Crowthers is an Australian coach charter coach company in Sydney. Until January 2009 it operated route bus services in the Sutherland Shire.

History
In the early 1900s, S Crowthers and Sons Pty Ltd established a small bus service in Thirroul eventually expanding further south to Dapto. In 1952 Crowthers began operations in Sydney purchasing route 65 that operated between Cronulla railway station and South Cronulla from Ryder & Moore. In 1966 the service was extended to Caringbah.

In 1998 Barry and Paul Crowther purchased the company from their family.

For the Sydney Olympic Games in 2000 Crowthers were contracted to manage a fleet of 126 buses and over 200 drivers Olympic sponsors.

When the Sydney Metropolitan Bus System Contracts were established in 2005, the operation area of Crowthers Bus Service belonged to part of region 11, which was shared with Tiger Tours and Maianbar Bundeena Bus Service. 

In January 2009 Veolia Transport purchased the route bus operations of Crowthers with six buses.

Crowthers had also operated coaches since at least June 1981 when a new Domino Tourmaster was purchased. This part of the business continues with a fleet of three coaches operated as at May 2014 out of a depot adjoining Sydney Airport. Two of the coaches were painted in Australian Pacific Tours livery from 2005 to 2012. Crowthers had previously acted as a sub-contractor to the tourism company.

BusLink
With the introduction of the Passenger Transport Act of 1990, there was a consolidation of routes.
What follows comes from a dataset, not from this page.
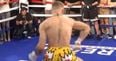 Conor McGregor reacts to those boxers who have been mocking his shoulder warm-up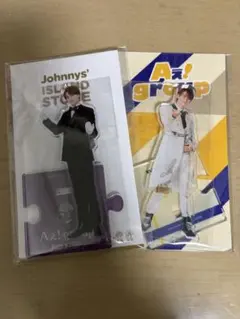 小島健　アクリルスタンド22,23 アクリルステッカー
Both Crowther's routes 65 and 66 and Nicholson's route 67 Cronulla to Kurnell were covered by one contract, leading to the operators combining their services under the BusLink brand in November 1992.

The routes were restructured with 984 and 985 operated by Crowthers and 987 by Nicholsons:

In May 2000 Crowthers took over the operation of Nicholson's service.

Crowthers also operated the Shire Shuttle, a Sutherland Shire Council sponsored late-night/early morning service providing free transport from major pubs and clubs. Crowthers also ran a service called the Sharks Shuttle which provided a free service to Endeavour Field from Heathcote, Engadine and Sutherland during Cronulla Sharks home games.